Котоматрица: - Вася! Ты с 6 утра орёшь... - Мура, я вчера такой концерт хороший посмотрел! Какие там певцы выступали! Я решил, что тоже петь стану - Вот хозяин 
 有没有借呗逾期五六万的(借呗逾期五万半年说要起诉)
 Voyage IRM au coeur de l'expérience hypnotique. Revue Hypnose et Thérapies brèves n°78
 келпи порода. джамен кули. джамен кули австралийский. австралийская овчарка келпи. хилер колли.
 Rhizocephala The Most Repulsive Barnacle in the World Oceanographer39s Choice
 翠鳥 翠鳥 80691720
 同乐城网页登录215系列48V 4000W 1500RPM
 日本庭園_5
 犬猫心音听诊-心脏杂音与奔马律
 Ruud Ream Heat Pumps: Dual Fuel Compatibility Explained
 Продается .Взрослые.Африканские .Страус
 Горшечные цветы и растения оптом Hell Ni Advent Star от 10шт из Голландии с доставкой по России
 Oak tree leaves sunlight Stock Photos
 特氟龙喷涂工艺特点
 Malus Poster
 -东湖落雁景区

^^^^^^^^^^^^^^^^

:: Your task ::
What you give back should be the full listing, copied exactly.

:: Answer box ::
Котоматрица: - Вася! Ты с 6 утра орёшь... - Мура, я вчера такой концерт хороший посмотрел! Какие там певцы выступали! Я решил, что тоже петь стану - Вот хозяин 
 有没有借呗逾期五六万的(借呗逾期五万半年说要起诉)
 Voyage IRM au coeur de l'expérience hypnotique. Revue Hypnose et Thérapies brèves n°78
 келпи порода. джамен кули. джамен кули австралийский. австралийская овчарка келпи. хилер колли.
 Rhizocephala The Most Repulsive Barnacle in the World Oceanographer39s Choice
 翠鳥 翠鳥 80691720
 同乐城网页登录215系列48V 4000W 1500RPM
 日本庭園_5
 犬猫心音听诊-心脏杂音与奔马律
 Ruud Ream Heat Pumps: Dual Fuel Compatibility Explained
 Продается .Взрослые.Африканские .Страус
 Горшечные цветы и растения оптом Hell Ni Advent Star от 10шт из Голландии с доставкой по России
 Oak tree leaves sunlight Stock Photos
 特氟龙喷涂工艺特点
 Malus Poster
 -东湖落雁景区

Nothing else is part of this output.